--- Required work ---
Exercise in exact copying: restate word for word only the lines below from the one containing "Un total de" through the one containing "Personalised Sipper Bottle/Tumbler", omitting any pictures.

--- Records supplied ---
.....

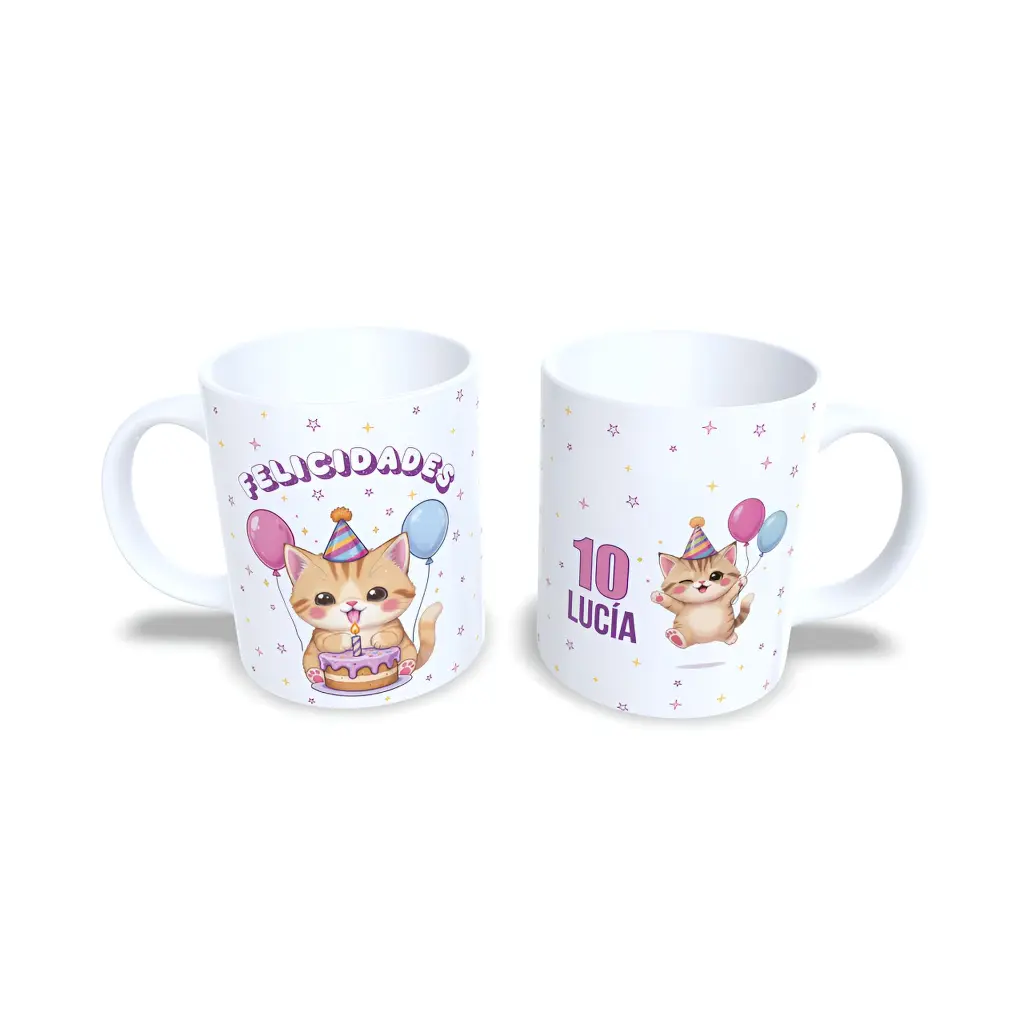 taza-personalizada-enna-blues-regalo-personalizado-felicidades-feliz-cumpleanos-gatito-gato-edad-nombre-tazas-8.webp
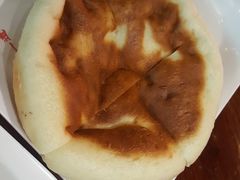 -汪一挑馄饨(老街店)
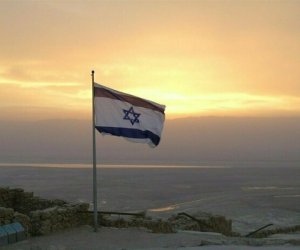 МИД Ирана призвал к санкциям против Израиля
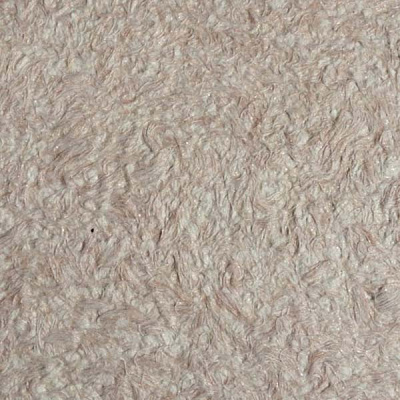 Жидкие обои Bioplast 855 1 кг 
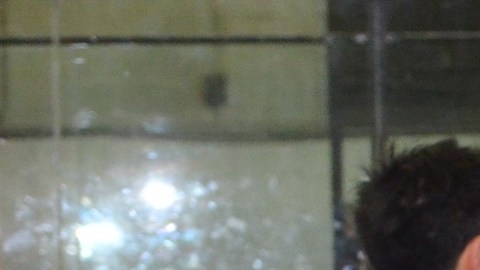 Un total de 57 equipos disputan los premios y dinero en efectivo en el torneo de los viernes de la liga 5 de Mayo Soccer League.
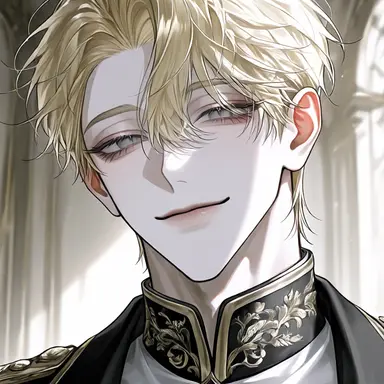 Profile image of レセル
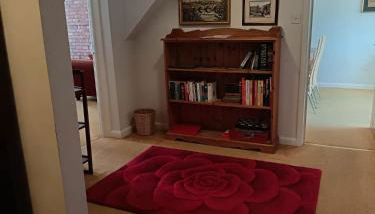 Chandeliers 6 - Foto 5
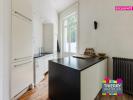 Acheter Appartement Nantes 309750 euros
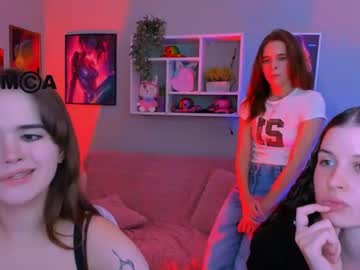 emma_landd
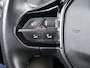 Peugeot e-2008 EV GT Pack 50 kWh 136pk Automaat 18''LM | DODE HOEK | STOELVERW. VOOR | ADAPT. CC | CAMERA | DAB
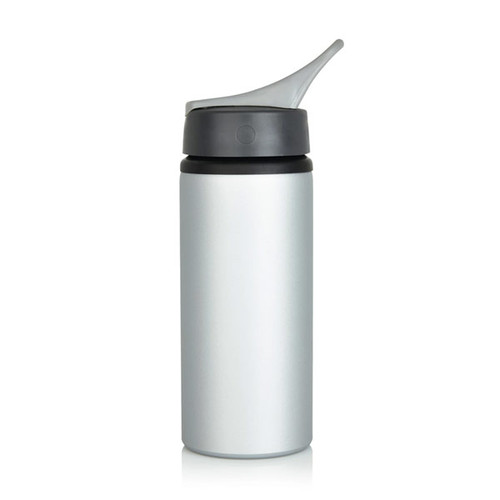 Personalised Sipper Bottle/Tumbler With Your Name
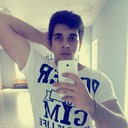 ���������� ���������, ���� ������� �����, 29 ���, ������������ ��� ������, ����� � ���������, c�������� ���������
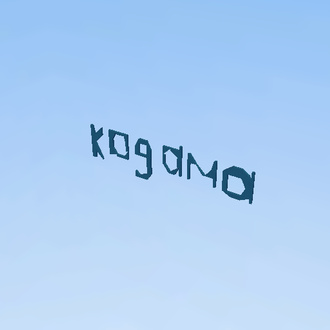kogama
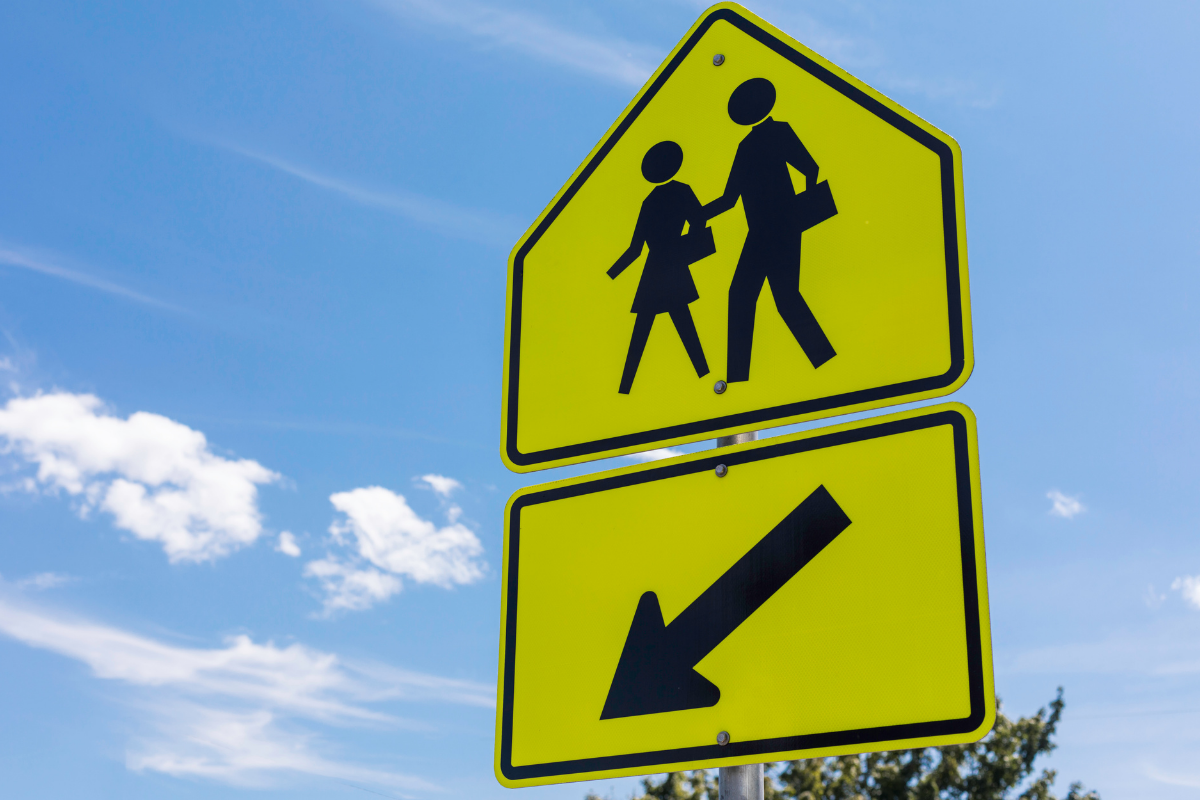 back-to-school-safety-avoiding-school-zone-accidents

.....

--- Task result ---
 Un total de 57 equipos disputan los premios y dinero en efectivo en el torneo de los viernes de la liga 5 de Mayo Soccer League.
 Profile image of レセル
 Chandeliers 6 - Foto 5
 Acheter Appartement Nantes 309750 euros
 emma_landd
 Peugeot e-2008 EV GT Pack 50 kWh 136pk Automaat 18''LM | DODE HOEK | STOELVERW. VOOR | ADAPT. CC | CAMERA | DAB
 Personalised Sipper Bottle/Tumbler With Your Name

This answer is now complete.